If the Cleveland Indians are guilty of anything this season, it's mismanaging expectations and nothing more.A fast start out of the gate, something the fans aren't particularly used to, fueled an optimism that the underlying talent ultimately just can't fulfill.
Making it all the more frustrating is the fact that the fast start was in large part due to ank incredible streak of timely hitting. Now that it has ended and the players have mostly regressed to their norms, many fans are apoplectic.
It didn't need to be this way.
Had those norms taken hold as they should have earlier on, the Indians would probably be sitting in about the position most had staked out for them before the season began. In that context, the recent call up of Lonnie Chisenhall, for example, would look a whole lot less desperate. But the Indians did get off to that fast start, fans got to thinking that this could be the year and Tribe management was left with the rather vexing conundrum of how to make it look like the team is trying to win it all while knowing that there aren't nearly enough horses to make a legitimate run.
So what did they do? Of course, they fired the hitting coach. There's precedent for that move. Almost 6 years to the day from when current manager Manny Acta sacrificed Jon Nunnally to the god of swings and misses, his predecessor Eric Wedge did likewise to Eddie Murray. This isn't to make the case for Nunnally one way or the other so much as it is to underscore that Nunnally was sacrificed on the altar of unreasonable expectations. But that's just the kind of move teams like the Indians tend to make to placate the fans.
In truth this year's team is hitting remarkably similar to last year's squad. It's a little ahead of last year's pace in terms of runs scored, but the batting averages, on base percentage, slugging percentage and OPS are virtually identical. And why not? It's pretty much the same team or at least the same type of team. Travis Hafner is hitting this year while Shin-Shoo Choo, now on the disabled list, is not. Grady Sizemore was on the DL last year but his contributions this year, particularly lately, have been minimal. And then there's Austin Kearns, taking up space once again but at least doing so on the cheap.

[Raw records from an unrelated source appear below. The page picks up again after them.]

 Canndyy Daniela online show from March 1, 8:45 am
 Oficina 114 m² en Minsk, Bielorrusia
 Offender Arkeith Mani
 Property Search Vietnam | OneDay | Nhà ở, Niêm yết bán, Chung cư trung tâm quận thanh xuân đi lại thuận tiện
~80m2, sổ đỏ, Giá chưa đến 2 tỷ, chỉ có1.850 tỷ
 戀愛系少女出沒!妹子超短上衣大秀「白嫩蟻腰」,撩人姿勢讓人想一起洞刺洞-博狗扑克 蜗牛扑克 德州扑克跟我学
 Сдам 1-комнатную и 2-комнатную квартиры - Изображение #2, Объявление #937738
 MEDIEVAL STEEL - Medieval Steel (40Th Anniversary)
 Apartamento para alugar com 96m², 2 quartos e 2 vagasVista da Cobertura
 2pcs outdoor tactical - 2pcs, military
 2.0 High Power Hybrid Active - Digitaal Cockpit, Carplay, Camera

Maybe that actually makes the case for dumping Nunnally because the Indians were a lousy hitting team last year. But at the very least it makes the case that from a hitting standpoint the Indians weren't ready to compete this year at a playoff level. The only reason anyone thought otherwise was skewed expectations and nothing more. But just as water finds its level so too do major league baseball teams. The Indians are no exception and this perhaps is what fans need to remember most. The grind of a 162 game schedule allows for several peaks and valleys but ultimately it provides sufficient time for a team to reveal its true self.
Where it would really pay for the Indians to better manage fan expectations is in better explaining that while this team isn't playoff ready it isn't a miserable mess either. Indeed there are some building blocks exactly in the place they need to be, on the pitching staff.

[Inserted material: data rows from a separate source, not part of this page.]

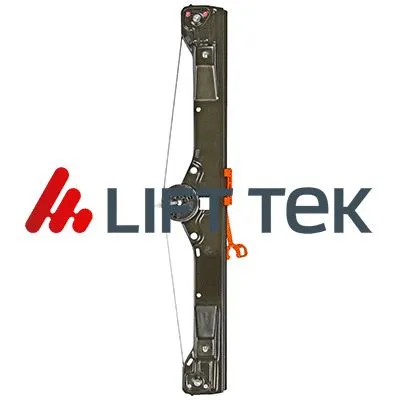 Window Regulator (LT FT707 L)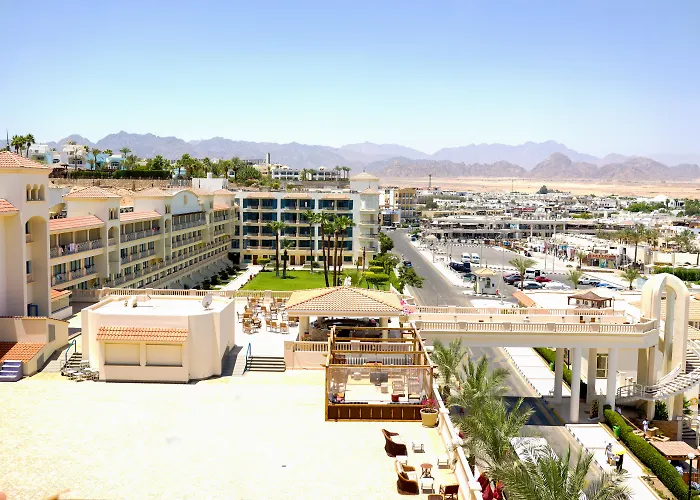 Marina Sharm
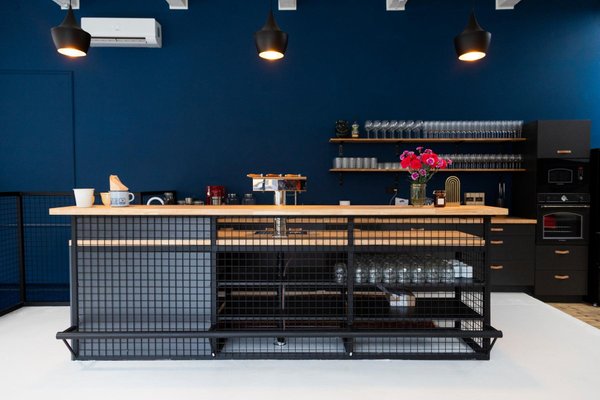 Město • Moře • Loft@Město • Moře - náhled 3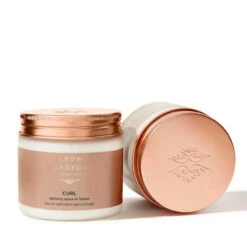 GROW GORGEOUS Masque Curl Sans Rinçage 200 Ml -MenCorner Boutique masque curl sans rincage 3472794 4 1140x1140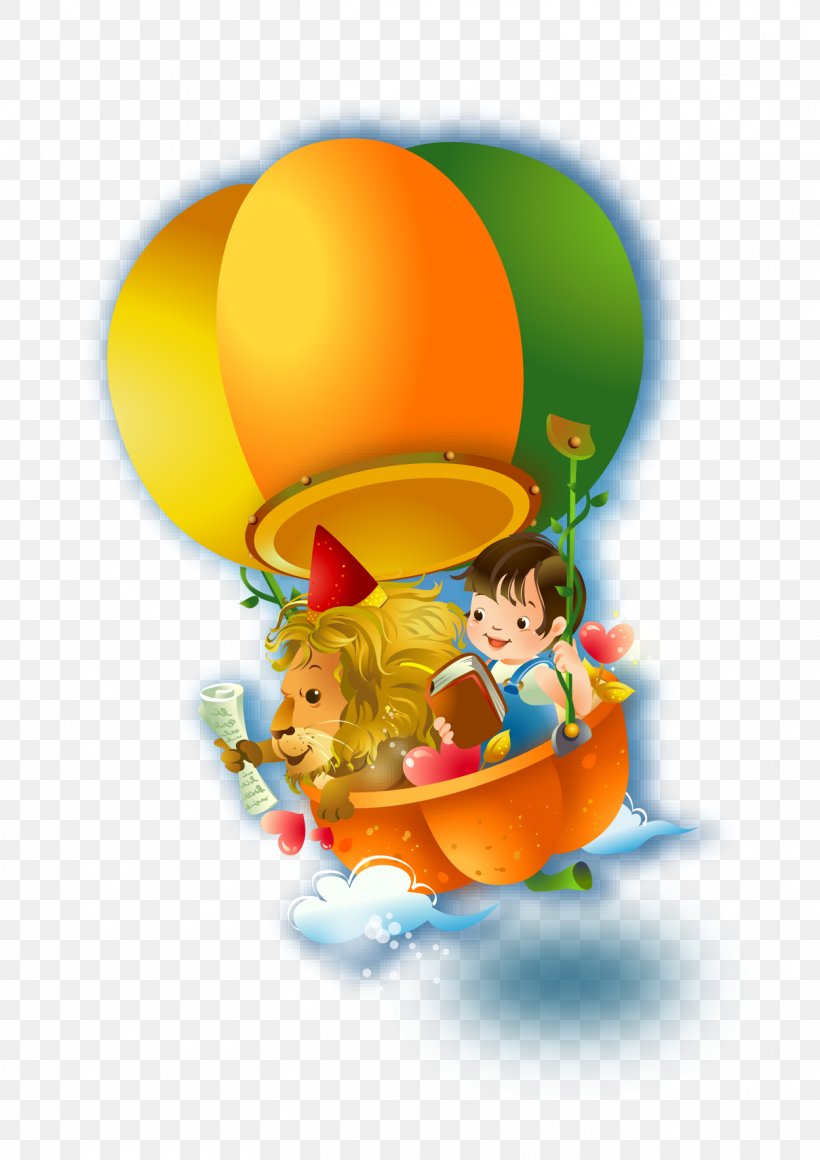 Flight Hot Air Balloon Drawing, PNG, 1251x1770px, Flight, Animation, Balloon, Cartoon, Circumnavigation Download Free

There have been a few hiccups lately but the bullpen has been more than just a pleasant surprise. Chris Perez is having an all star season. Tony Sipp has been excellent as have Rafael Perez, Vinnie Pestano and even Joe Smith. Any team with a bullpen that is pitching like the Indians' bullpen is going to be competitive. The starting rotation has three very solid pitchers at the moment in Justin Masterson, Josh Tomlin and Carlos Carrasco. Fausto Carmona has a wicked good arm and a wicked awful mental approach. He doesn't need a new team to get straightened out, just a mentor and more nurturing.

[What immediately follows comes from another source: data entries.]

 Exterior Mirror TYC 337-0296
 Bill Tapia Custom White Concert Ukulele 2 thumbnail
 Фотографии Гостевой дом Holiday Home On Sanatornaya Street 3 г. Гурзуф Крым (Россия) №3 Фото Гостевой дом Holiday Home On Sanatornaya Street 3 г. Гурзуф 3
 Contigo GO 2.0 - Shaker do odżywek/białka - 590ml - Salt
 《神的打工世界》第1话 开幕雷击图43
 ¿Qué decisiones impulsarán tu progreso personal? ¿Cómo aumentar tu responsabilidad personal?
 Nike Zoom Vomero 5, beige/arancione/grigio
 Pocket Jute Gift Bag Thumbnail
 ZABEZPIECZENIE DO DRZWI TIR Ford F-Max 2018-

You don't need tape of the late Pete Franklin screaming in your ear to know that the only real way to build a team is through pitching. Once that's in place then you get more of it. And once you have more of it you get even more of it. The game of baseball has changed a million ways in the last 100 years but the one thing that hasn't changed is that the teams with the best pitching usually prevail.
Assuming Indians general manager Chris Antonetti understands this point, and he certainly seems to, it could hardly be argued that he doesn't have the team pointed in the right direction. But pointing in the right direction and actually arriving at the destination are hardly the same thing. There's a pretty bumpy road in between and that's what the team is really experiencing at the moment. The fast start made it seem like the Indians long strange trip to respectability had maybe arrived at the outskirts of their playoffs destination when in reality all that happened is that the team bus hit a particularly smooth stretch of highway where they could hit the accelerator without worrying about any speed traps.
But then people started to notice and not surprisingly it's gotten tougher, much tougher. As a result fans are coming to the rather halting conclusion now that was staring them in the face all along--not this year folks, and it's making them a little angrier than they probably should be.
Fortunately, this is Cleveland where don't stay mad at our teams, only certain players and owners. The resignation that comes when the expectations get rightly downsized has creeped in as evidenced by the ever increasing refrain, spoken seemingly every year, to "just let the kids play." What many fans didn't realize is that's what the team had be mostly doing all along.